= Munson Steed =

American newspaper publisher and CEO

Munson Steed is an American media executive, publisher, and entrepreneur. He is the founder and CEO of Steed Media Group, a multimedia company based in Atlanta, Georgia. Steed Media's flagship publication is Rolling Out, a free weekly urban lifestyle and entertainment magazine that primarily targets African American audiences. The publication is distributed in over 19 cities across the United States and maintains a significant online presence. Rolling Out has been recognized as one of the largest Black-owned urban lifestyle publications in the United States.

== Career ==
Steed is a graduate of Morehouse College in Atlanta, Georgia, where he earned a bachelor's degree in political science.

In 2010, Steed was appointed Director of the Madison Avenue Initiative (MAI), a program of the National Action Network that focuses on promoting fairness in advertising and improving representation of minority-owned media outlets.

Over the years, Steed has led Steed Media Group in expanding its operations from traditional print journalism to include digital media, branded content, video production, and event platforms.
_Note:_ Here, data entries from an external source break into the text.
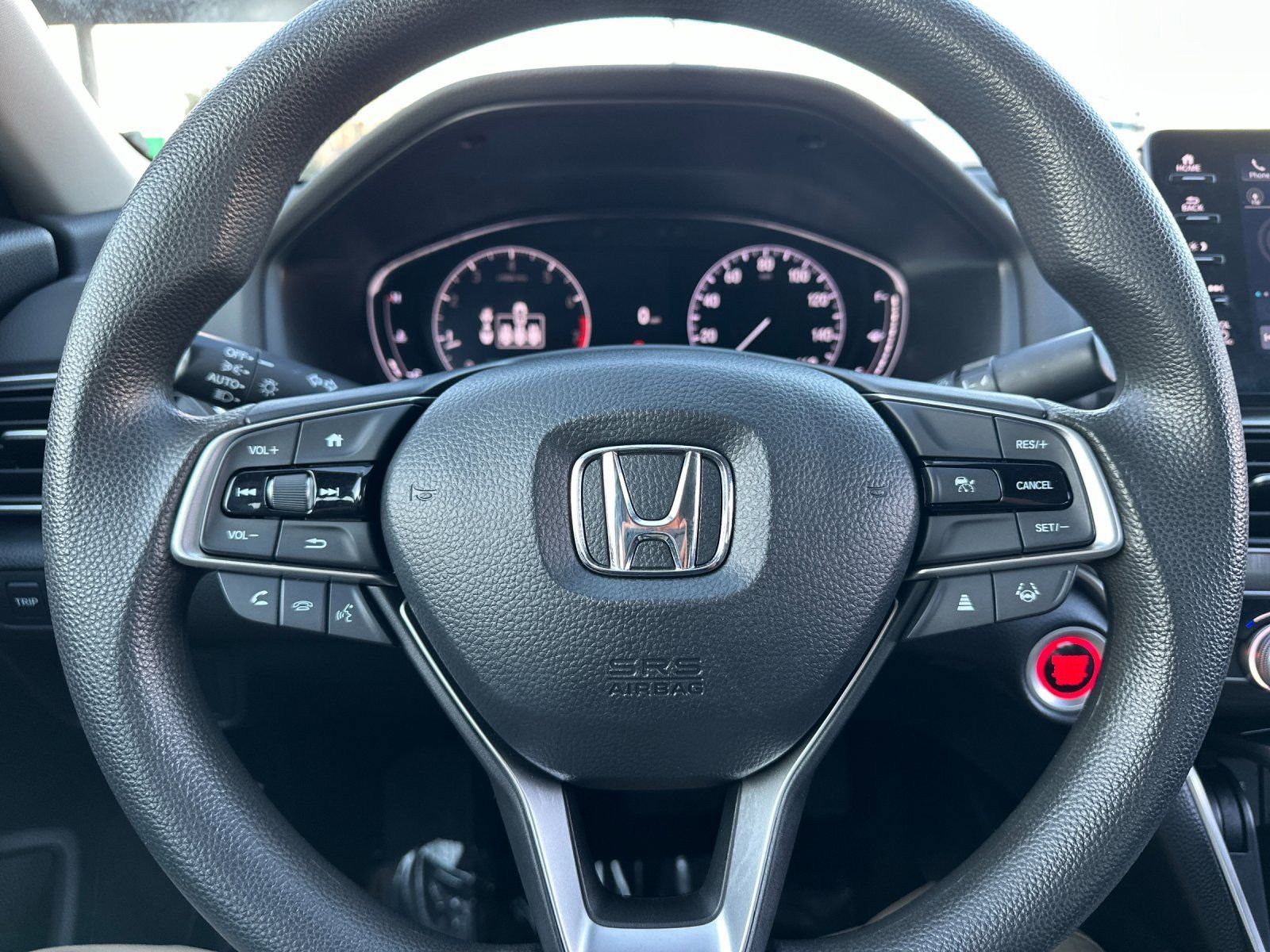 Used 2021 Honda Accord LX image 21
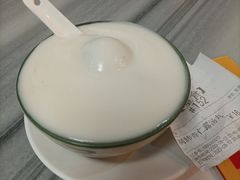 -芬芳甜品(同福路店)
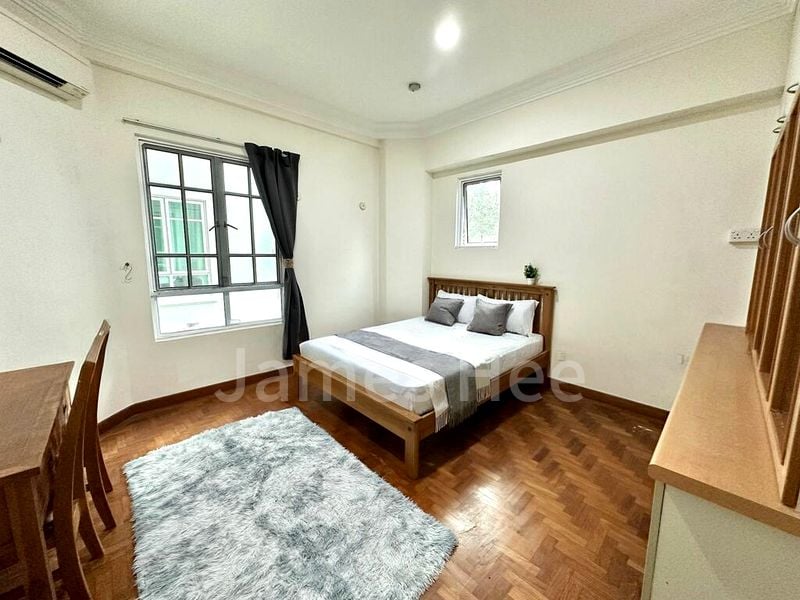 Common Room (Condo) for Rent in  Le Wood - Image 1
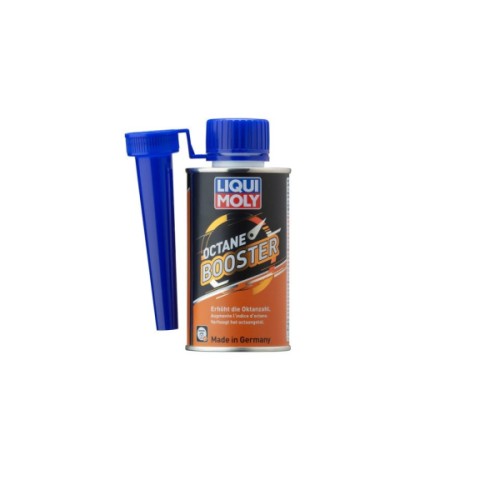 LIQUI MOLY ΒΕΛΤΙΩΤΙΚΟ ΟΚΤΑΝΙΩΝ 200ML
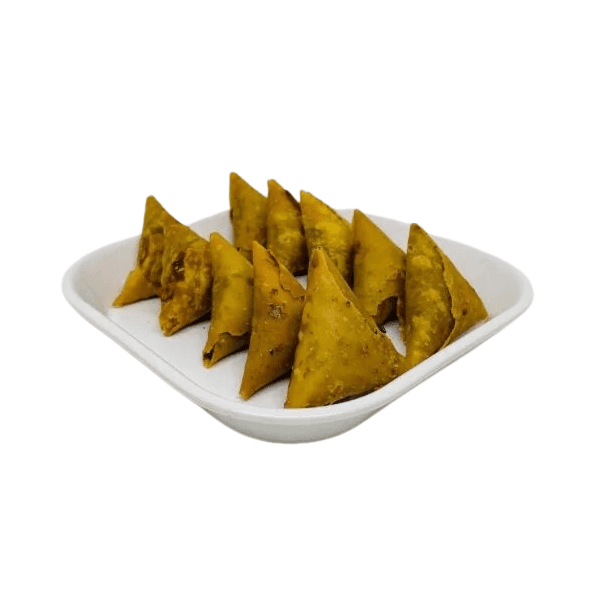Patti Samosa 200 Gms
In 2021, Steed partnered with BlackBookStore.com and Penguin Random House for the #AmplifyBlackStories initiative, designed to increase the visibility of Black authors and literature.

== Children’s media ==
Steed is the creator of the Little Professor Skye children's book series, a collection focused on early childhood education and positive representation of Black children. The books were featured at the African-American Family Book Expo and helped launch Playful Genius, a brand that includes toys, stickers, and culturally relevant media for children.

== Music and events ==
In 2023, Steed collaborated with Grammy Award–winning gospel singer Koryn Hawthorne on the song Look At God, which peaked at number three on the Billboard Gospel charts.

In 2024, he hosted the first Black Artificial Intelligence Conference, which brought together tech leaders, celebrities, and innovators at Morehouse College to highlight Black representation in the AI industry.

In 2025, Steed moderated a discussion with actor Greg Tarzan Davis and the cast of Mission: Impossible – The Final Reckoning during a Rolling Out screening and community event.